(PROBLEM DESCRIPTION): Please print every record below exactly as it appears, but leave out the pictures.

Pictures with short captions:
-*-*-
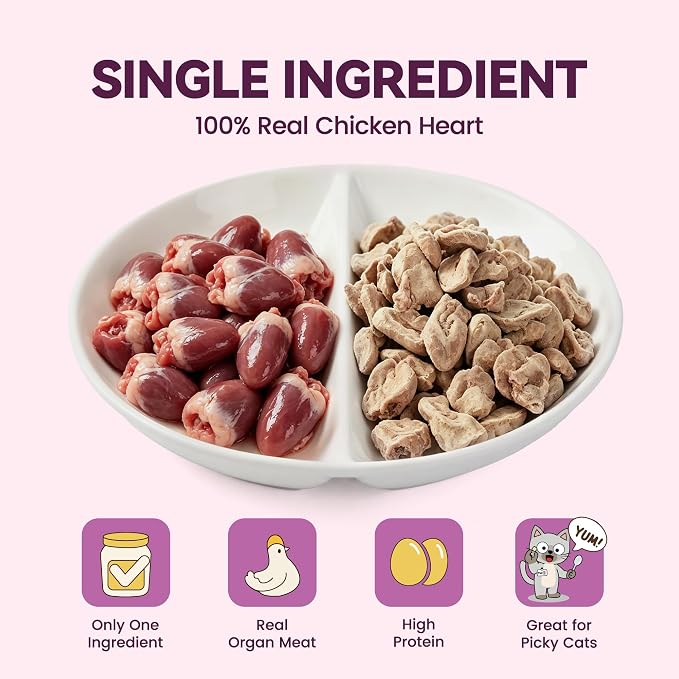 Freeze-Dried Chicken Hearts Cat|Dog Treats|Single Ingredient|High Protein Healthy Pet Food Toppers|Training Snacks,2oz
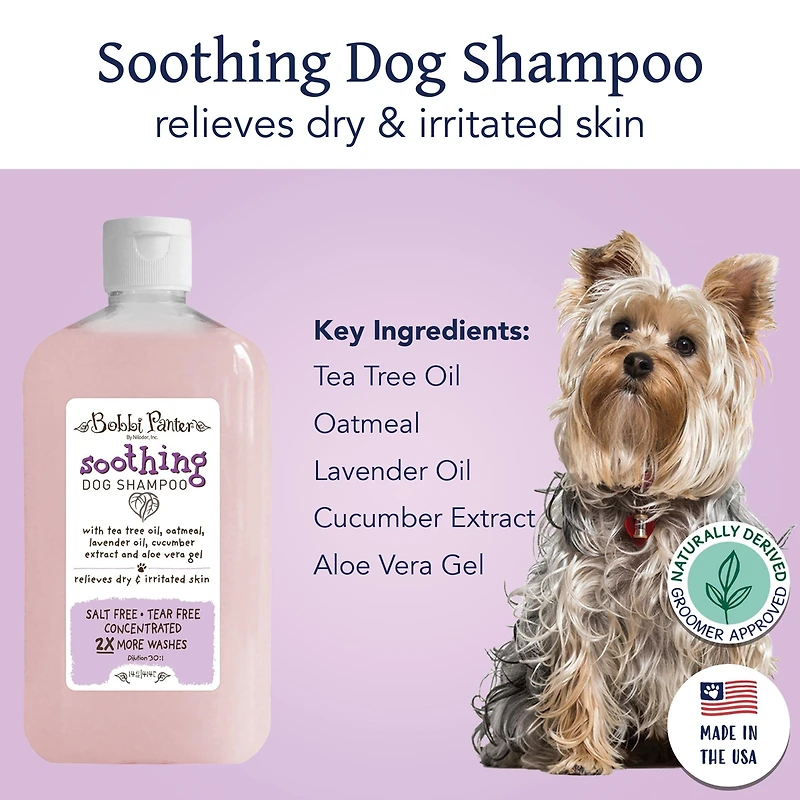 Bobbi Panter (Botanical) Soothing Dog Shampoo Tea Tree Oil, Aloe Vera, Lavender Oil, Cucumber Extract, Oat Protein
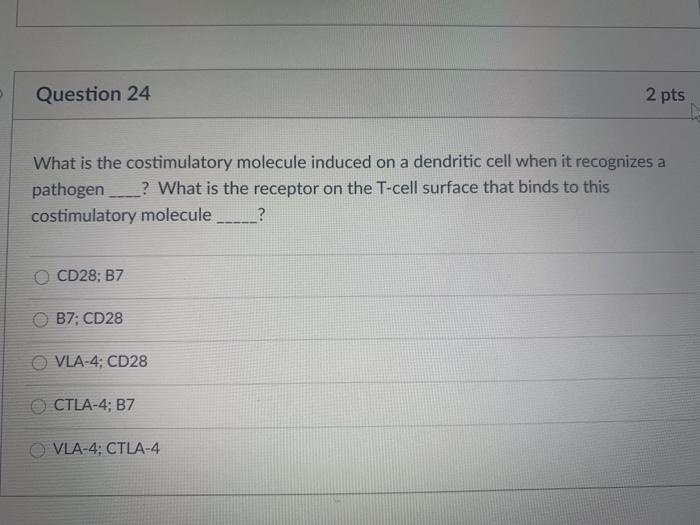 Question 24 2 pts What is the costimulatory molecule induced on a dendritic cell when it recognizes a pathogen ? What is the
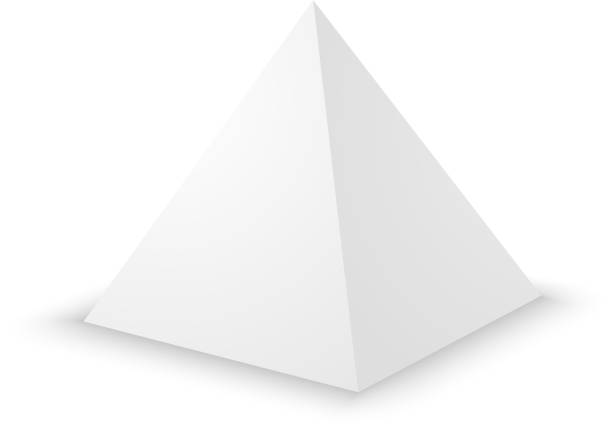 ilustraciones, imágenes clip art, dibujos animados e iconos de stock de en blanco blanco pirámide, recorridos plantilla. - forma piramidal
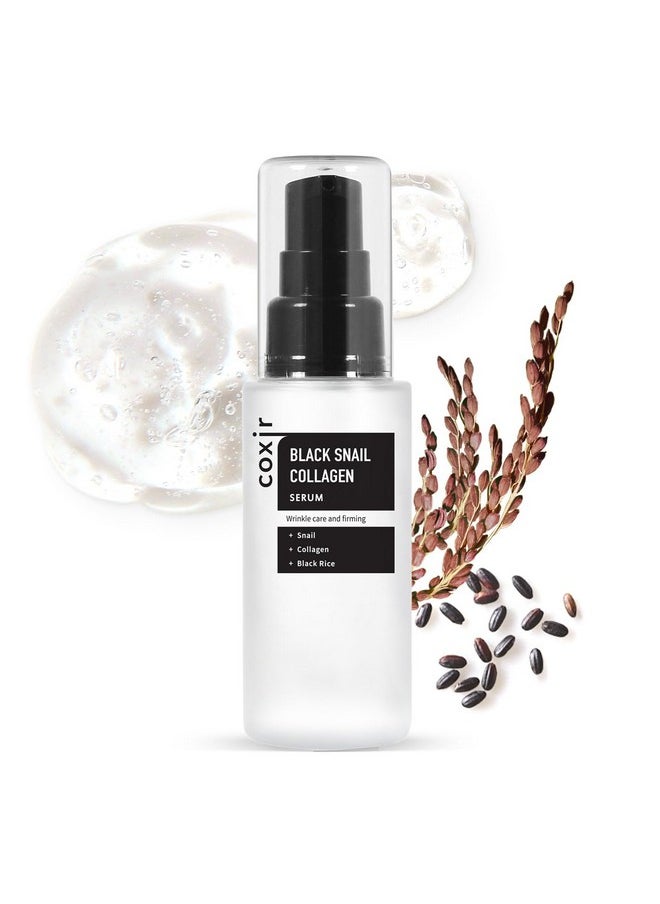 coxir Black Snail Collagen Serum 50ml(1.69 fl.oz) Black-3-Complex: Black Rice, Bean, Sesame, Snail Mucin, Collagen, Peptide l Firming&Lifting l Korean Skin Care l Cruelty-Free, No Pareben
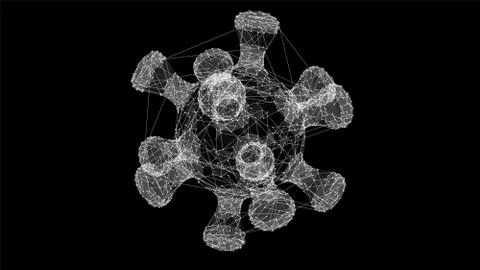 3d wireframe model of a virus on a black background. 3d rendering Stock-Illustration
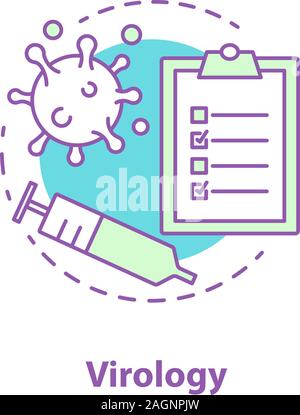 Virology concept icon. Science lab idea thin line illustration. Study of viruses. Medical tests checklist, syringe, virus cell. Vector isolated outlin Stock Vector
-*-*-
(REPLY TO THE TASK):
 Freeze-Dried Chicken Hearts Cat|Dog Treats|Single Ingredient|High Protein Healthy Pet Food Toppers|Training Snacks,2oz
 Bobbi Panter (Botanical) Soothing Dog Shampoo Tea Tree Oil, Aloe Vera, Lavender Oil, Cucumber Extract, Oat Protein
 Question 24 2 pts What is the costimulatory molecule induced on a dendritic cell when it recognizes a pathogen ? What is the
 ilustraciones, imágenes clip art, dibujos animados e iconos de stock de en blanco blanco pirámide, recorridos plantilla. - forma piramidal
 coxir Black Snail Collagen Serum 50ml(1.69 fl.oz) Black-3-Complex: Black Rice, Bean, Sesame, Snail Mucin, Collagen, Peptide l Firming&Lifting l Korean Skin Care l Cruelty-Free, No Pareben
 3d wireframe model of a virus on a black background. 3d rendering Stock-Illustration
 Virology concept icon. Science lab idea thin line illustration. Study of viruses. Medical tests checklist, syringe, virus cell. Vector isolated outlin Stock Vector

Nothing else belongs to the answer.